U.S. Sen. Claire McCaskill suggested our country’s malaise with its government is due in part to Congress spending too much time listening to the “noisemakers” rather than working together to solve the country’s problems. 

In an interview at the Washington Riverfront this week, the moderate Democrat said part of the problem is that there are too many congressmen trying to score political points rather than working on addressing real issues. 

The result is government gridlock and a frustrated electorate. 

She mentioned that no one ever calls her office urging her to compromise. But she gets lots of calls from people on both extremes of the political spectrum telling her how to vote. 

McCaskill said the majority of Missourians and indeed, Americans, are middle-of-the-roaders when it comes to politics. More than playing to the left and right, McCaskill says they just want their government to get things done. 

The majority of people are reasonable, but they aren’t passionate about it. Their views are drowned out by the screamers on both political fringes. 

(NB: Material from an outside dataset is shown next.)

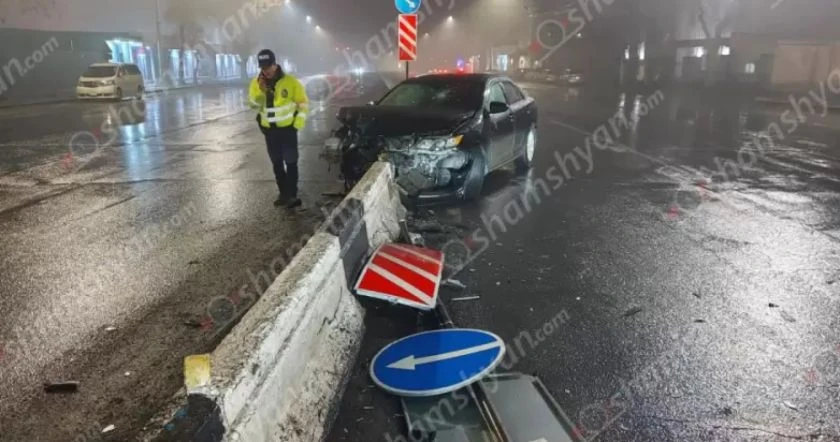 toyota-n-arshakvounyac-pvoghvotayvoum-bshkhvel-e-betvone-pashtpanich-argelapatneshin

She pointed to the Affordable Care Act as an example. It’s not perfect, she said, and Congress could improve it, which would be better for the country. 

But that’s unlikely to happen because Republicans are bent on using it as a “political weapon” in the upcoming elections rather than fixing it, according to McCaskill. 

McCaskill is correct when she points out that extremism is hampering the legislative process. No doubt we are a divided nation when it comes to politics and always have been. But there was a time when members of Congress were able to negotiate across the aisle to produce important bills. That is happening with less and less frequency. 

She also is correct in suggesting that those who want compromise in Congress need to make their voices heard. They need to be more passionate. They need to hold Congress accountable for their inaction.

 We need more problem solvers in Congress and fewer ideological placeholders.